### WHAT THE EXERCISE ASKS
Transcribe the listing below only from the line with "Idmir Sugary: Ao" up to and including the line with "Biloxi Hotel |".

BEGIN RECORDED INFORMATION

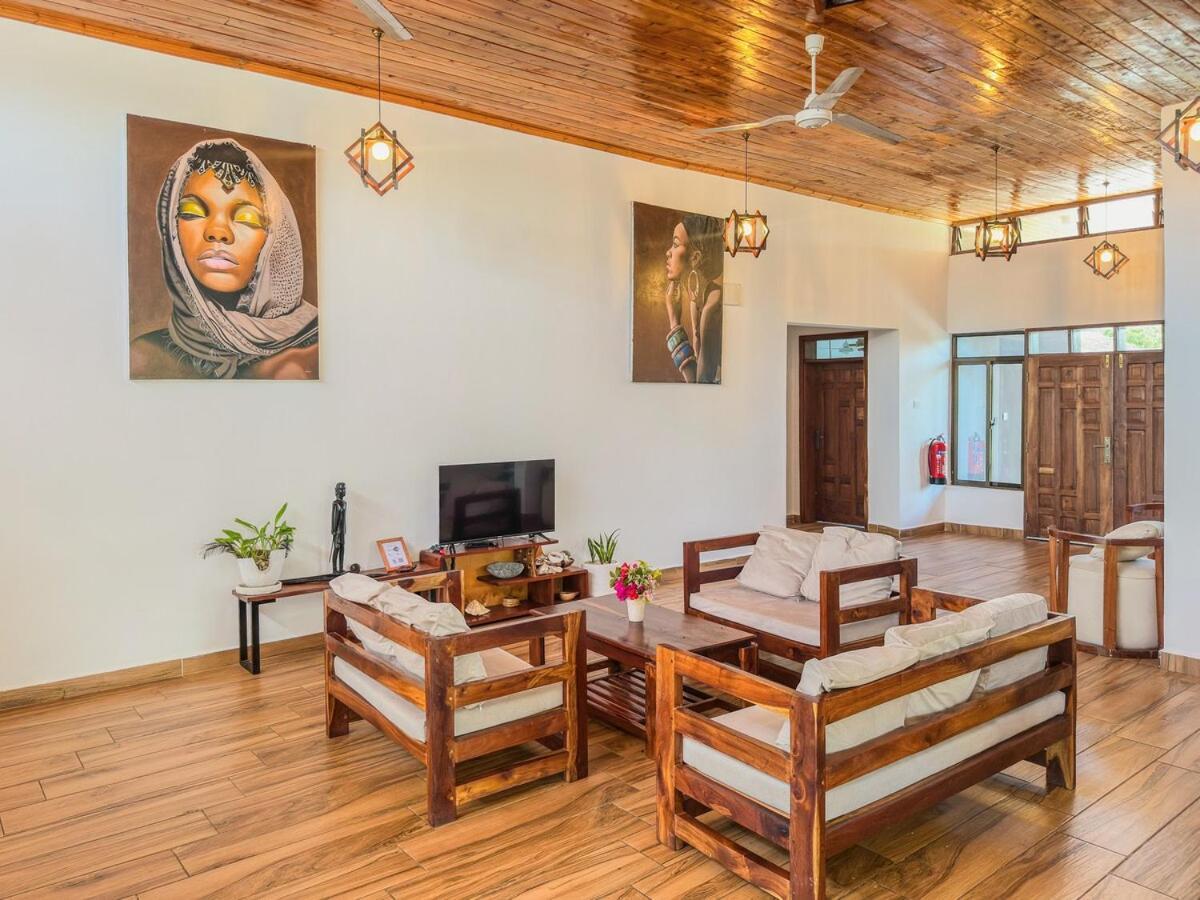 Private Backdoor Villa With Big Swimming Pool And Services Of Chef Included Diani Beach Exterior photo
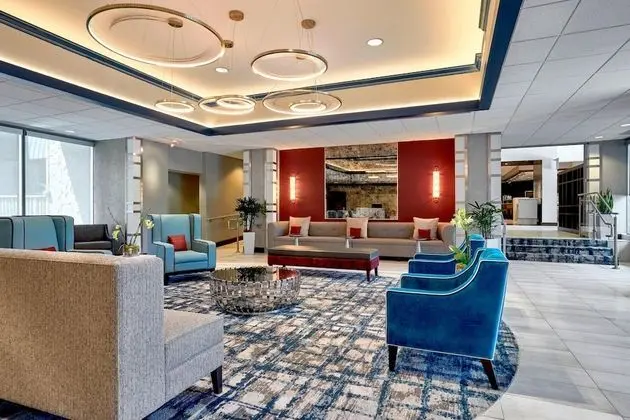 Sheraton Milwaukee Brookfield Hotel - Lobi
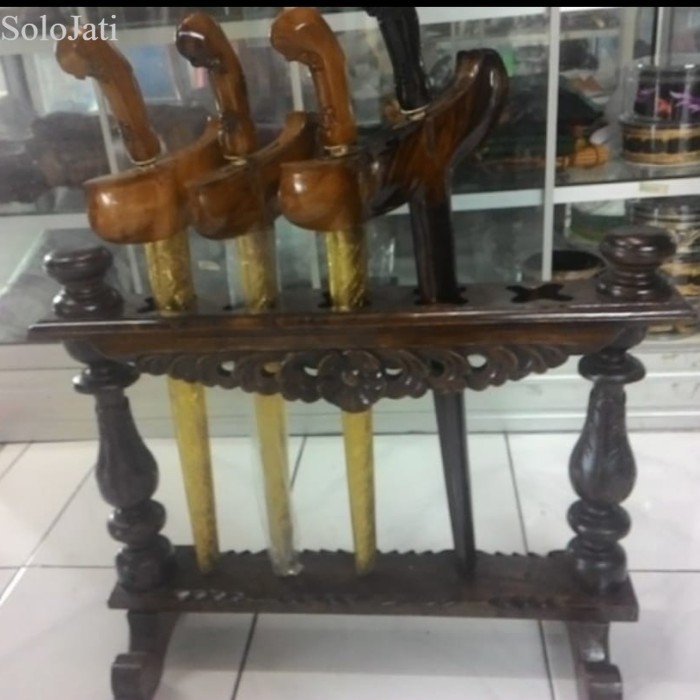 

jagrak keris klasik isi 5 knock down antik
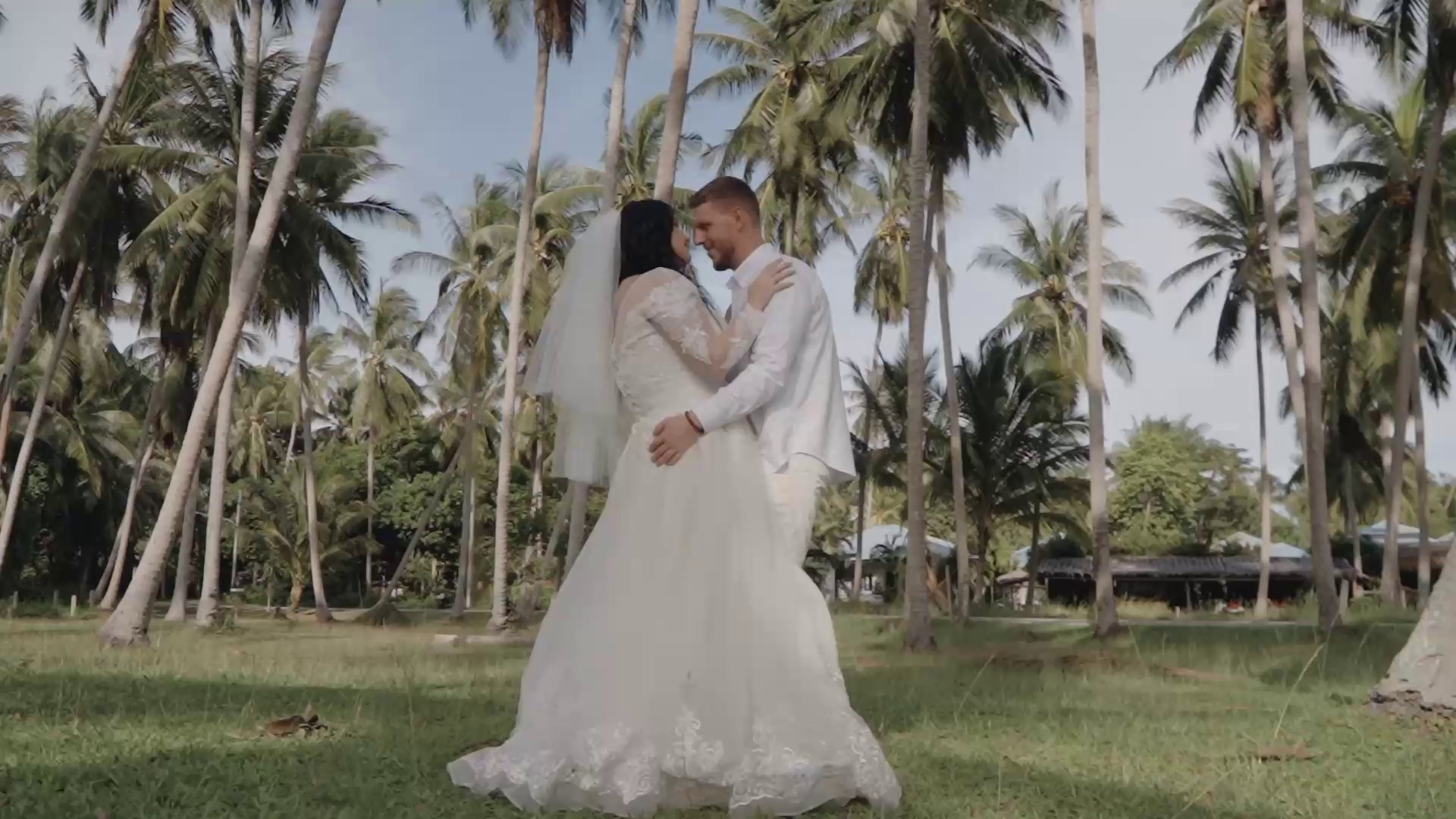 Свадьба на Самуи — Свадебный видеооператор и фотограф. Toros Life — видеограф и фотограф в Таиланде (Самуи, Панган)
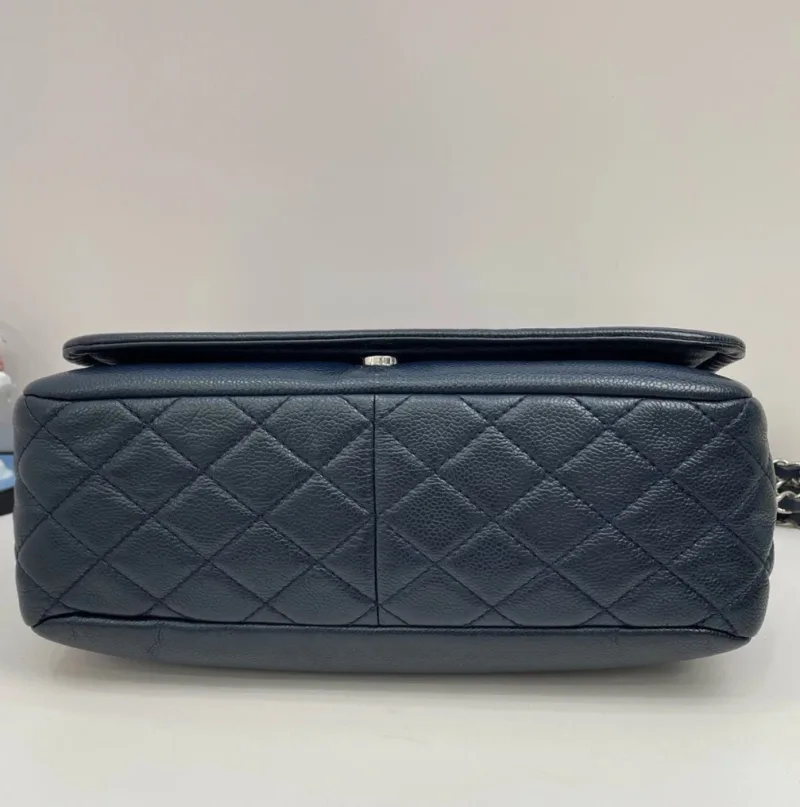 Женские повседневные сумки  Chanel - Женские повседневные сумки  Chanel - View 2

END RECORDED INFORMATION
BEGIN RECORDED INFORMATION

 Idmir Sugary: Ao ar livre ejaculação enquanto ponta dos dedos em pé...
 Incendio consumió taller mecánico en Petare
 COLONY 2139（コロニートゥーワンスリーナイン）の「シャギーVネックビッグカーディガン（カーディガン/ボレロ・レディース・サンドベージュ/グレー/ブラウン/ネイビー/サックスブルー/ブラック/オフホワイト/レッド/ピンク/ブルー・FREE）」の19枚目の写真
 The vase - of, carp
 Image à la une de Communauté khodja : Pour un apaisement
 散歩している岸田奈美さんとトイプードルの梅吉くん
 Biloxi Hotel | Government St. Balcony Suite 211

END RECORDED INFORMATION
BEGIN RECORDED INFORMATION

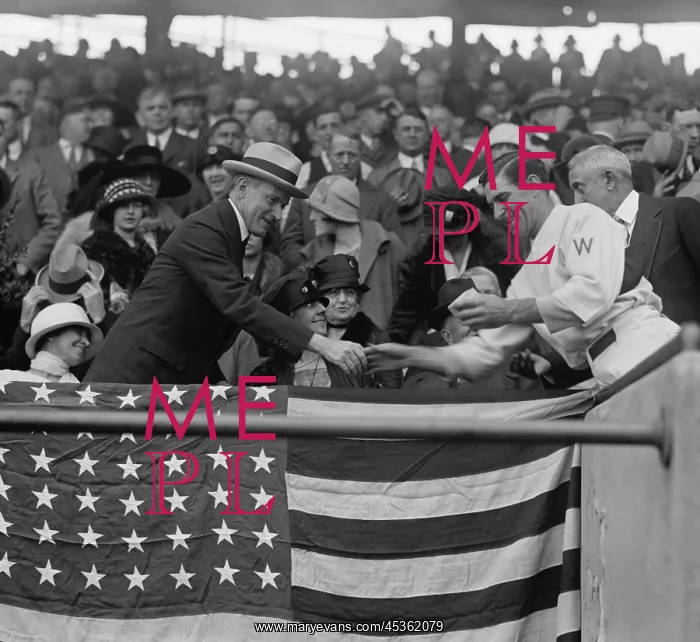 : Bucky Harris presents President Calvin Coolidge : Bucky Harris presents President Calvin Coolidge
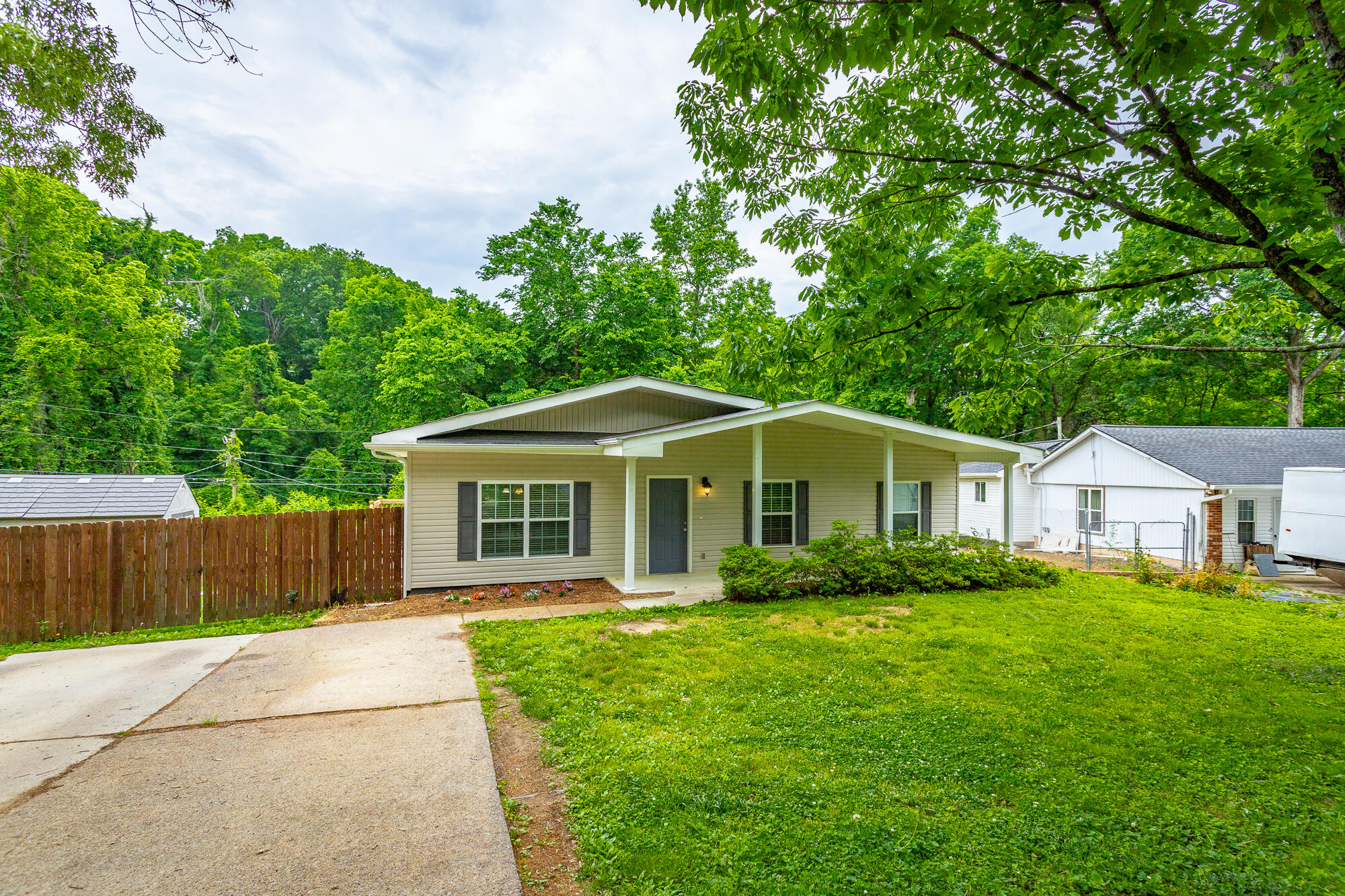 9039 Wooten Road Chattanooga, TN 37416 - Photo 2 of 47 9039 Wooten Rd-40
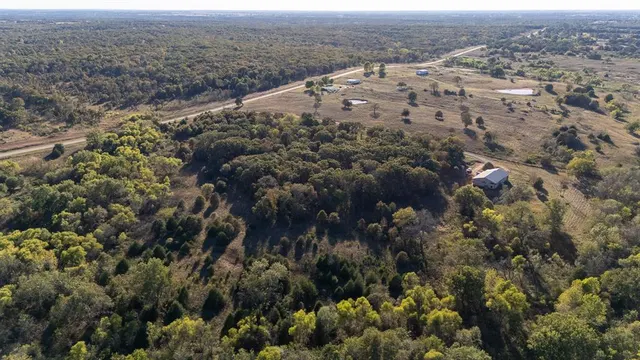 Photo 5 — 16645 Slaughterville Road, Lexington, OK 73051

END RECORDED INFORMATION

### RESULT FOR THIS EXERCISE
 Idmir Sugary: Ao ar livre ejaculação enquanto ponta dos dedos em pé...
 Incendio consumió taller mecánico en Petare
 COLONY 2139（コロニートゥーワンスリーナイン）の「シャギーVネックビッグカーディガン（カーディガン/ボレロ・レディース・サンドベージュ/グレー/ブラウン/ネイビー/サックスブルー/ブラック/オフホワイト/レッド/ピンク/ブルー・FREE）」の19枚目の写真
 The vase - of, carp
 Image à la une de Communauté khodja : Pour un apaisement
 散歩している岸田奈美さんとトイプードルの梅吉くん
 Biloxi Hotel | Government St. Balcony Suite 211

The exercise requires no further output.